Я хочу рассказать на этих страницах о самом большом потрясении в моей жизни — для предостережения и в назидание возможному читателю. «Возможному», потому что вовсе не уверен, что эти заметки появятся в печати: издатели могут счесть их банальными и не содержащими ничего нового. И действительно к этой теме не раз обращались выдающиеся писатели. Но простейшие истины каждый должен сам открыть для себя, все испытать на собственной шкуре. Пусть же поэтому подлинность пережитого станет моим адвокатом. Я не собираюсь вдаваться здесь в общие рассуждения, а лишь опишу в хронологической последовательности, как все было: и ход своих мыслей, и ход событий. Ныне я вновь обрел покой, и описание моего горького опыта лишь облегчит мне душу.

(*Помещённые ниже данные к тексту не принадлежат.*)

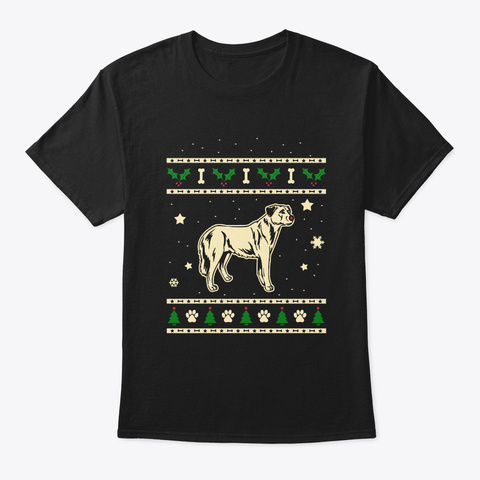 Christmas Brittany Gift Black T-Shirt Front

Я коренной варшавянин, мне сорок четыре года. Еще три недели назад я был молодым, энергичным и сильным. В моем возрасте человек либо уже достигает определенных успехов на жизненном поприще, либо приходит к полному банкротству. Еще три недели назад я был бы готов присягнуть, что, несмотря на потерю времени в годы войны и после нее, мне удалось занять в обществе не такое уж плохое место — частые отличия и похвалы начальства утвердили меня в сознании собственной значимости. Я занимал высокий пост, сфера моей профессиональной и общественной деятельности постоянно расширялась, мне то и дело предлагали принять участие в работе все новых и новых комиссий, коллегий и комитетов. Мой рабочий день становился все насыщенней. Я жил в постоянном движении и нервном напряжении, не замечая, как мелькают не только дни и часы, но и целые недели и месяцы. Я без устали несся взапуски со временем и чувствовал себя человеком в высшей степени организованным, энергичным, необходимым. Мысль моя переносилась от частного вопроса к проблеме, от концепции к выводу, от анализа к синтезу. Я сразу же улавливал суть дела, решения принимал быстро и щедро, без оглядки тратил энергию, которую тут же без труда восстанавливал. Вечером, ложась спать, я немедленно проваливался в сон, который покидал меня только по сигналу будильника. Несмотря на то что мне шел пятый десяток, я чувствовал себя молодым и у меня не оставалось времени на сколько-нибудь глубокие размышления о смысле существования. Я был доволен собой и жизнью.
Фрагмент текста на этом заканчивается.